Responsabilità sparse (nei confronti dei propri interessi), minori anche se a volte sottovalutate, ce ne sono poi un po’ ovunque. Fermo restando che ha diritto di negoziare (o no) per i propri giocatori come meglio ritiene, l’Atalanta avrebbe potuto accettare un’offerta non certo scandalosa - o quantomeno comunicare il prezzo -, evitando un braccio di ferro che rischia di fissare il secondo precedente in due anni dopo Koopmeiners, e con quei soldi fare due grandi colpi (manca ancora il post Retegui): in un’estate delicatissima perché la prima del post Gasperini, sarebbe stato un messaggio di forza ancora superiore. L’Inter, a sua volta, ha provato a forzare i tempi della trattativa pensando di condurla: le offerte formali si fanno quando c’è accordo, o se hanno davvero la pesantezza dell’ultimatum. Così, i nerazzurri di Milano sono bloccati da settimane, hanno perso De Winter (prima alternativa a Bisseck e Pavard, che sono ancora lì) e rischiano di fare altrettanto con Leoni: la squadra di Chivu è (ancora?) grossomodo la stessa di Inzaghi, e non aver capito le ragioni della sconfitta di Monaco rischia di essere un errore imperdonabile. È possibile, forse anche probabile che, alla fine, lo stallo alla nigeriana si sblocchi, specie se la Dea ha davvero in pugno un sostituto. L’immobilismo registrato negli ultimi giorni è, paradossalmente, l’unico vero presupposto per credere che sia questo lo sblocco della trattativa: nessuno fa un passo verso l’altro, ma non fa nemmeno le mosse che sarebbero logico attendersi (esempi: l’Atalanta far trapelare multe, l’Inter tuffarsi su un Garnacho non a caso) in una fase del genere, se si pensasse all’aspetto fumata nera.

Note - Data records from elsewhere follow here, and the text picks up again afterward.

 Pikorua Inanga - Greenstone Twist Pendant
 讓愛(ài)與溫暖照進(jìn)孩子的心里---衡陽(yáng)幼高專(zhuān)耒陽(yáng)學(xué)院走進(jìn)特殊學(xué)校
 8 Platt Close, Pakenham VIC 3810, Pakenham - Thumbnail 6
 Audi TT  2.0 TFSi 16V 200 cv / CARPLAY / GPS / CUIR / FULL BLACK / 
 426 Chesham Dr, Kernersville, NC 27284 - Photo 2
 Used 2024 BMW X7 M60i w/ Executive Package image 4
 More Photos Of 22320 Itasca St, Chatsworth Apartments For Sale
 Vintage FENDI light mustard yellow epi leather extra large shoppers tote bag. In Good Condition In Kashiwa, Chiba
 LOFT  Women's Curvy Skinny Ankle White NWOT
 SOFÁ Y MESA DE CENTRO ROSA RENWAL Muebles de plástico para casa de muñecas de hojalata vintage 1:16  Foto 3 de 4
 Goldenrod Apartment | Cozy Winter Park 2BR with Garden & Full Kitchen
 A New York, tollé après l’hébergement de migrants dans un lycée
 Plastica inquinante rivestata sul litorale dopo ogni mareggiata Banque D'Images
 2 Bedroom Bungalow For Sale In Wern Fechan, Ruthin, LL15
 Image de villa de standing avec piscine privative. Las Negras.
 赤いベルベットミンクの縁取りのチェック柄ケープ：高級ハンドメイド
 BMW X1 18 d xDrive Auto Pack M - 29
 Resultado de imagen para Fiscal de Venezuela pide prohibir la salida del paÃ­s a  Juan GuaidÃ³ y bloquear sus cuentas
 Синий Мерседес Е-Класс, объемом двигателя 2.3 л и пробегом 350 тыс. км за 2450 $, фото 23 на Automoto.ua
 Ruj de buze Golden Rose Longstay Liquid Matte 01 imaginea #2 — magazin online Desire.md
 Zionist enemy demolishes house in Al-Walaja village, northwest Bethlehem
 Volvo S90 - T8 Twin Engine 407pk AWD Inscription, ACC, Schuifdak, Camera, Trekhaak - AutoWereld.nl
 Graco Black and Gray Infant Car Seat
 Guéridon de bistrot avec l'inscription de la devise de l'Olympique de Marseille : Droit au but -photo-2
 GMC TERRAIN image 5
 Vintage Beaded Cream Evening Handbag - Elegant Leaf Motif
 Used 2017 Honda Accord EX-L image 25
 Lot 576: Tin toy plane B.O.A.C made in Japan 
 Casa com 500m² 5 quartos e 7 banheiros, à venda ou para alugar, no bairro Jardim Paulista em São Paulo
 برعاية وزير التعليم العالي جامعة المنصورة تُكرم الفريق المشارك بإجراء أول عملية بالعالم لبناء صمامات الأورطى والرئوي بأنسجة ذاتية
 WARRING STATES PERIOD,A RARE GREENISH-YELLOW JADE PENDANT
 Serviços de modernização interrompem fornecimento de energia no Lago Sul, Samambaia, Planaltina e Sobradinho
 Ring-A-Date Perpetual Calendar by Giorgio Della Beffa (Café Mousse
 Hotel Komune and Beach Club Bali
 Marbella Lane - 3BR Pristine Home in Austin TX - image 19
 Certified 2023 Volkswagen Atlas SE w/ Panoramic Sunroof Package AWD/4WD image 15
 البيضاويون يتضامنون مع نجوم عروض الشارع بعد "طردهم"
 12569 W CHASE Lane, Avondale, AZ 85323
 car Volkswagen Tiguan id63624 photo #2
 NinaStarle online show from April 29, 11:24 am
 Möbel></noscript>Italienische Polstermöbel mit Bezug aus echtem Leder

La grande variabile, con i soldi di Raspadori, sarebbe il Napoli: verrebbe meno la volontà della Dea di non cedere in Italia, ma del resto anche ragionare di concorrenza diretta con l’Inter è una forzatura che nasconde la questione di principio annidata dietro questo affare.
Un po’ più a nord di Bergamo e Milano, si consuma uno stallo abbastanza simile, con proporzioni economiche ben più grandi e toni al momento piu cordiali. È quello che riguarda Alexander Isak, giocatore fortissimo ma che costa ancora di più del suo talento. La dimensione finanziaria del suo trasferimento al Liverpool ha dimensioni ciclopiche ed è bloccato anche da questo. Alla fine magari si muoverà, ma costa troppo per spostarsi. Fa parte di quei calciatori che, anche se la grande fuga in avanti è stata fermata, fanno parte dell’era della Superlega. Di fatto, magari più avanti di diritto. Vale lo stesso per Gianluigi Donnarumma, che in Italia tornerebbe anche volentieri (e per questo è vietato escludere l’Inter, che ci lavora a fari spenti, dal suo futuro), ma costa troppo per i club della Serie A. I costi (e i contratti) di alcuni calciatori hanno raggiunto cifre che ne limitano la circolazione a pochissimi grandi club in giro per l’Europa. Di solito, purtroppo, inglesi. Se va bene tutti contenti, se va male (prendi Vlahovic) diventano macigni ingestibili e impossibili da spostare. La polarizzazione tra alcune società molto ricche e le altre che si arrabbattano, rende il calcio (intendiamo il grande calcio) a due velocità una cosa già reale. E un po’ preoccupante, considerato che il gioco più bello del mondo ha nello spirito popolare una delle sue ragioni d’essere: così non è che non possono vincere tutti, è che non possono nemmeno partecipare.